The Parser is in ast/parser.go. It accepts a Lexer, consumes all tokens from the token channel, and returns an ast.Node.

Rather than having a single enormous Parser class responsible for everything, parsing different bits of the syntax tree is delegated to the different node types. If a node implements ast.Parselet, then it can be used to parse a portion of the syntax tree.

The incoming tokens retain their line/position information, which we can use for error messages.

Parser: String handling

Strings felt a bit weird. For example, the string "abd${X}def" has three pieces:

  • the plain string "abc"
  • the parameter expansion ${X}
  • the plain string "def"

But, a string like this could represent a single command we need to execute, so we want to be able to treat it as a single entity.

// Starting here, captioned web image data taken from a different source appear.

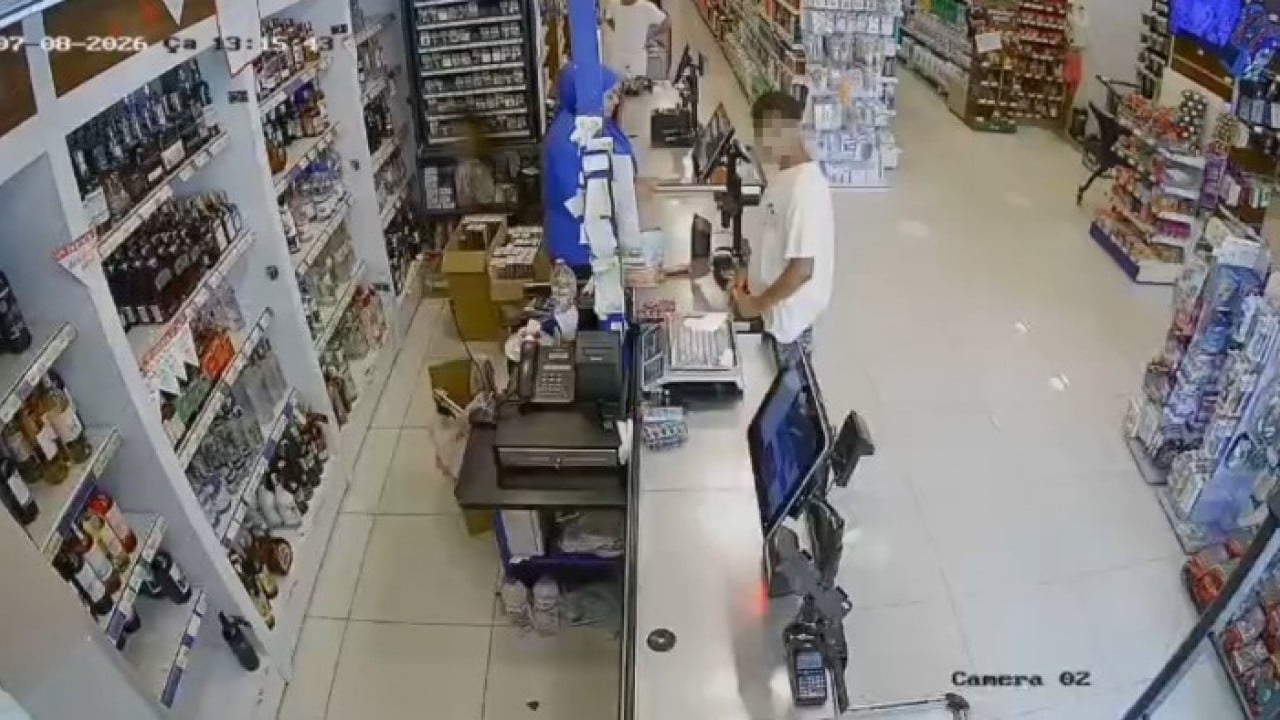 Foto - Böyle gaspçı görülmedi Tek kişilik çete dehşet saçtı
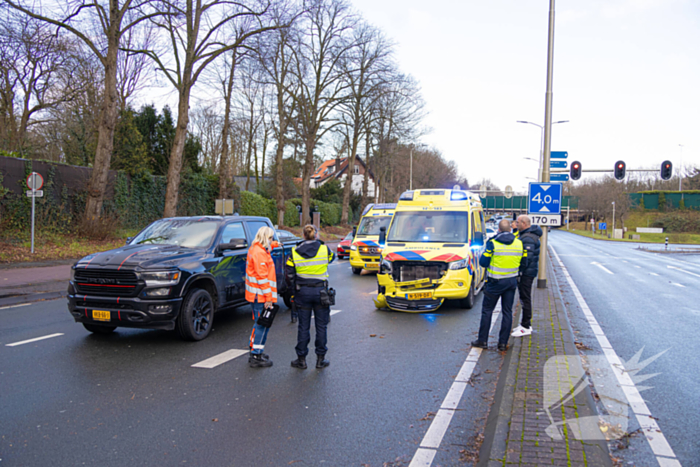 Ambulance in botsing tijdens spoedrit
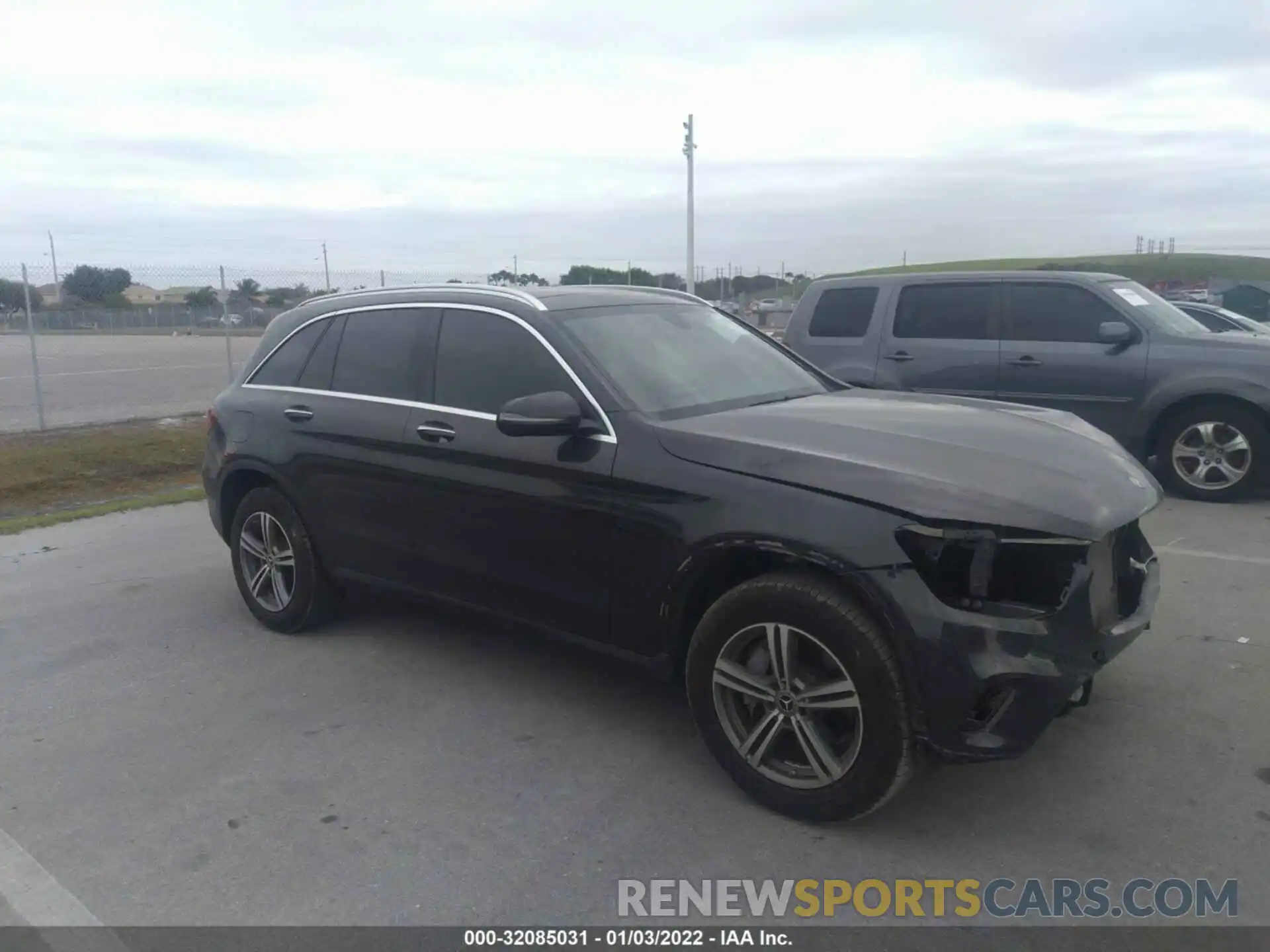 1 Photograph of a damaged car W1N0G8DB1LF757487 MERCEDES-BENZ GLC 2020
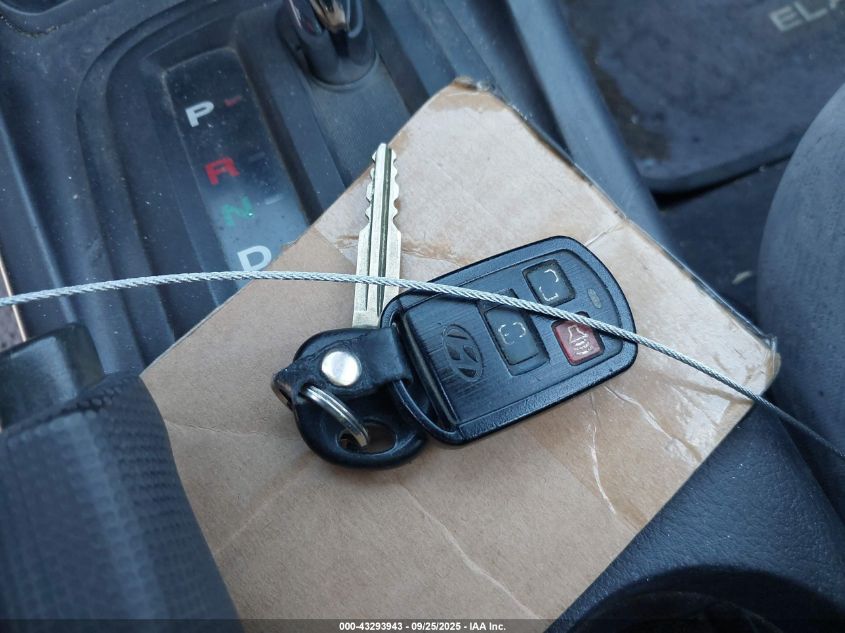 2004 Hyundai Elantra Gls/Gt VIN: KMHDN46D64U827242 Lot: 43293943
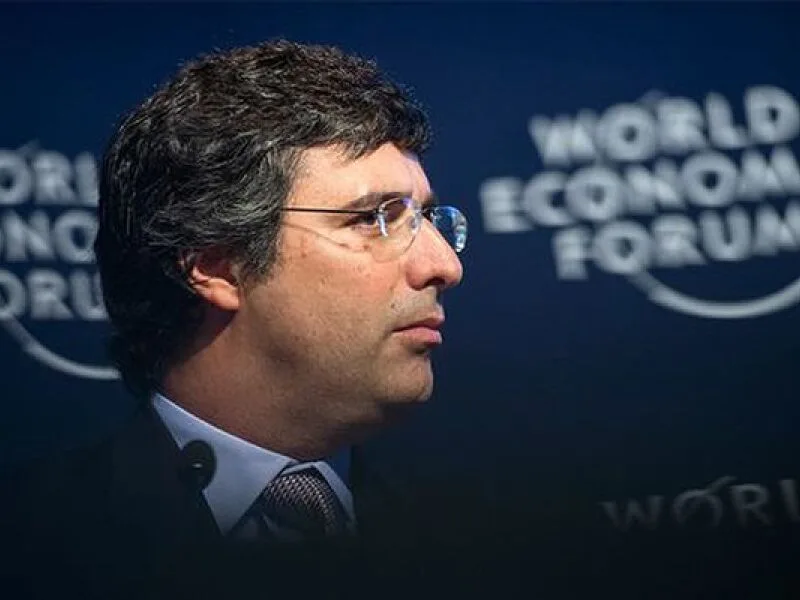 André Esteves prevê disputa presidencial apertada e cobra defesa das instituições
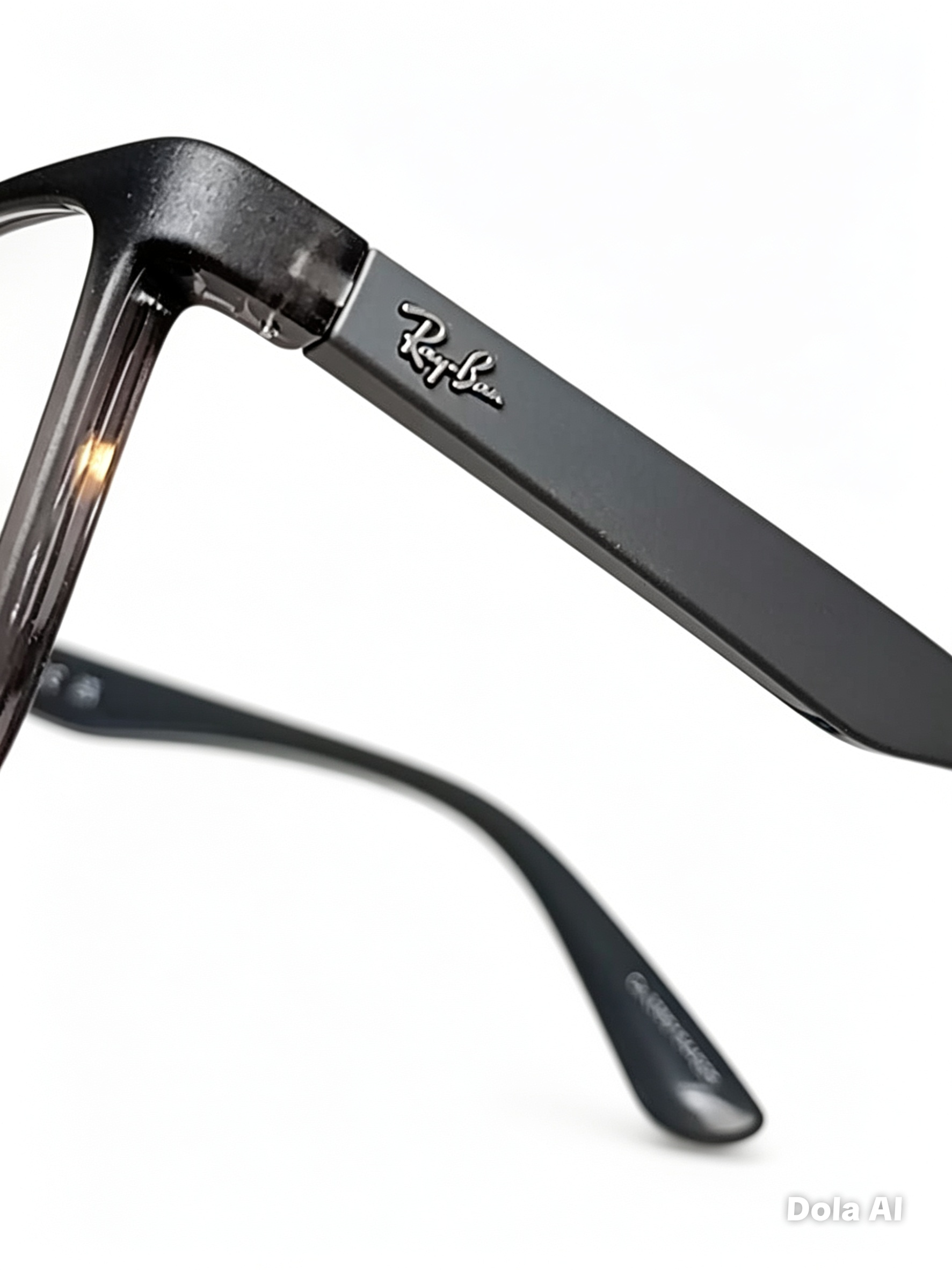 RAY-BAN 7203 GRIS MATE TRASLÚCIDO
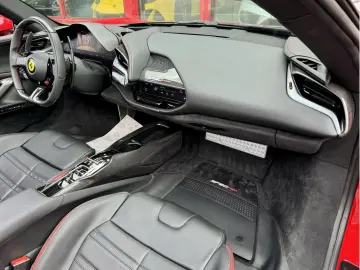 FERRARI SF90 Spider REPRISES POSSIBLE ... INZAHLUNGEN MÖ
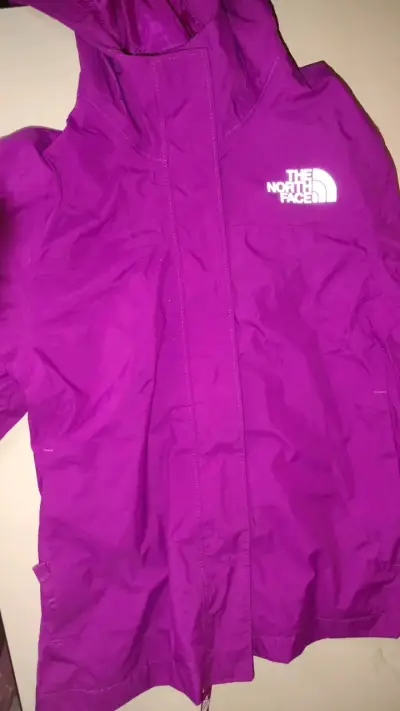 Chaqueta impermeable morada The North Face para niña - miniatura 1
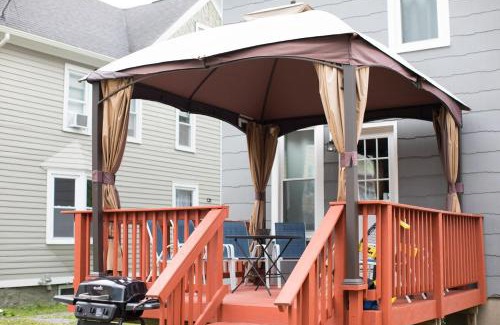 Western Gardens Casa | Cityside Escape Spacious with Game Room & Fire Pit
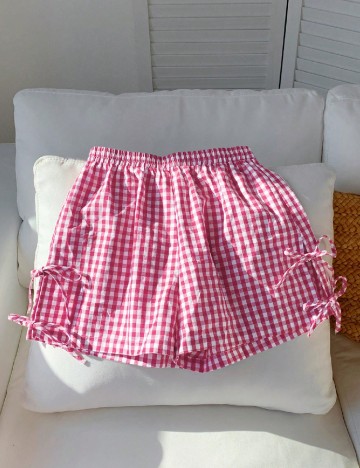 
						Pantaloni scurti SHEIN, roz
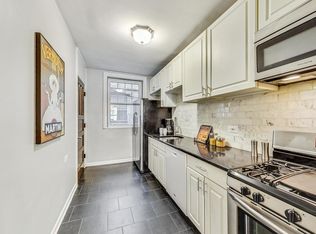 1211 W Granville Ave #1B, Chicago, IL 60660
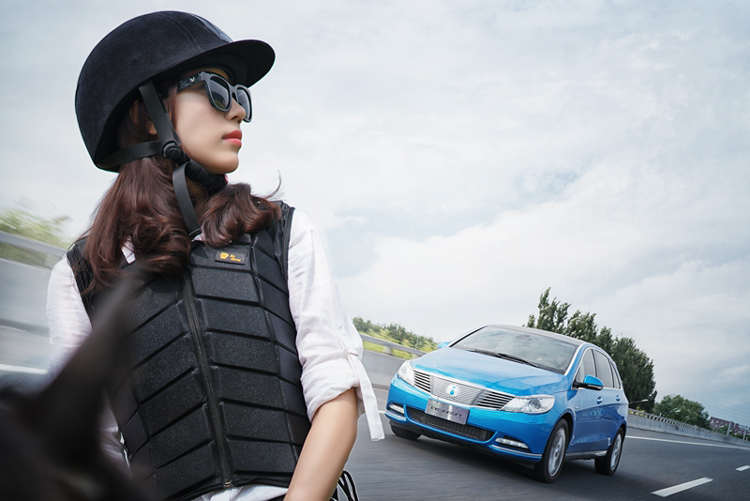 马上任驰骋，车中享驾驭--记腾势金领女车主的轻奢生活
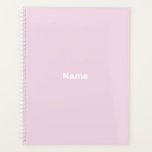 Agenda Aluminio de nombre personalizado rosa claro minima<br><div class="desc">Nombre personalizado color rosa claro minimalista,  texto,  iniciales,  monograma o año personalizado Planner. Texto blanco personalizado sobre fondo de color sólido rosa claro.</div>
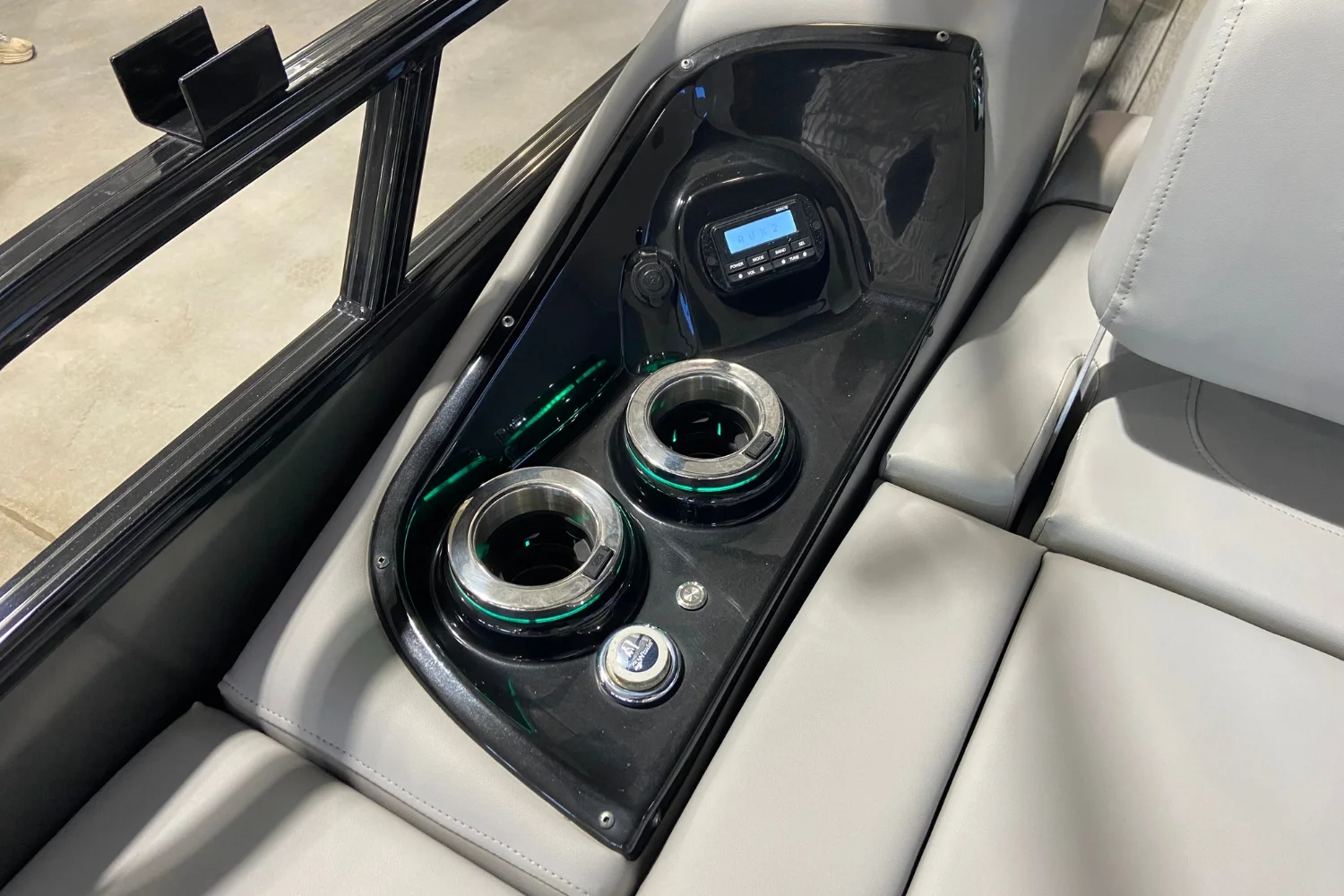 2023 Ranger 2500LS Image Thumbnail #8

I ended up with an interface called ast.StrPiece. The ast.Str type stores a list of ast.StrPiece. This lets me store both plain string and parameter expansion node types in an ast.Str node:

&ast.Str{
    Pieces: []StrPiece{
        &ast.RawStr{"abc"},
        &ast.ParameterExpansion{VarName: "X"},
        &ast.RawStr{"def"},
    },
}

This gets passed along to the interpreter which knows how to evaluate and concatenate the different string pieces into a single string, which we can then insert into an environment variable or wherever.